## Work instruction
Exact copies of all the records are to be output.

## Entries shown
◇ ◇ ◇ ◇

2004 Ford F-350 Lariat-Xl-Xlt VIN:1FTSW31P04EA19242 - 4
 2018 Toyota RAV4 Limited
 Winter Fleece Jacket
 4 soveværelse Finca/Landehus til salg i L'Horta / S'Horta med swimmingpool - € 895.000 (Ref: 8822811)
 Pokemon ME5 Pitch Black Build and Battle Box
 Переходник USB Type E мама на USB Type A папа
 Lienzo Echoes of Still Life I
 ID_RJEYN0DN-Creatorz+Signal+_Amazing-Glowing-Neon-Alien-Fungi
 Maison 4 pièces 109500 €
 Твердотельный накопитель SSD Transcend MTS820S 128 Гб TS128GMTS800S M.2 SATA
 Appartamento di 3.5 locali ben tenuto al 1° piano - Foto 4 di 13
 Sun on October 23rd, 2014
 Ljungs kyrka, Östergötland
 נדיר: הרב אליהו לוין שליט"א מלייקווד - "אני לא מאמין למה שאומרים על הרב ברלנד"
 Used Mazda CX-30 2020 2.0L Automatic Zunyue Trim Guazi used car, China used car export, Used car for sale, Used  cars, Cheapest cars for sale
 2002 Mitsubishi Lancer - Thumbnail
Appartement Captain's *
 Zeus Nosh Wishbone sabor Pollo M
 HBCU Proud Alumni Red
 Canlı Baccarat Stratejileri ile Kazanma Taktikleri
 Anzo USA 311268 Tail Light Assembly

◇ ◇ ◇ ◇

## Task output
2004 Ford F-350 Lariat-Xl-Xlt VIN:1FTSW31P04EA19242 - 4
 2018 Toyota RAV4 Limited
 Winter Fleece Jacket
 4 soveværelse Finca/Landehus til salg i L'Horta / S'Horta med swimmingpool - € 895.000 (Ref: 8822811)
 Pokemon ME5 Pitch Black Build and Battle Box
 Переходник USB Type E мама на USB Type A папа
 Lienzo Echoes of Still Life I
 ID_RJEYN0DN-Creatorz+Signal+_Amazing-Glowing-Neon-Alien-Fungi
 Maison 4 pièces 109500 €
 Твердотельный накопитель SSD Transcend MTS820S 128 Гб TS128GMTS800S M.2 SATA
 Appartamento di 3.5 locali ben tenuto al 1° piano - Foto 4 di 13
 Sun on October 23rd, 2014
 Ljungs kyrka, Östergötland
 נדיר: הרב אליהו לוין שליט"א מלייקווד - "אני לא מאמין למה שאומרים על הרב ברלנד"
 Used Mazda CX-30 2020 2.0L Automatic Zunyue Trim Guazi used car, China used car export, Used car for sale, Used  cars, Cheapest cars for sale
 2002 Mitsubishi Lancer - Thumbnail
Appartement Captain's *
 Zeus Nosh Wishbone sabor Pollo M
 HBCU Proud Alumni Red
 Canlı Baccarat Stratejileri ile Kazanma Taktikleri
 Anzo USA 311268 Tail Light Assembly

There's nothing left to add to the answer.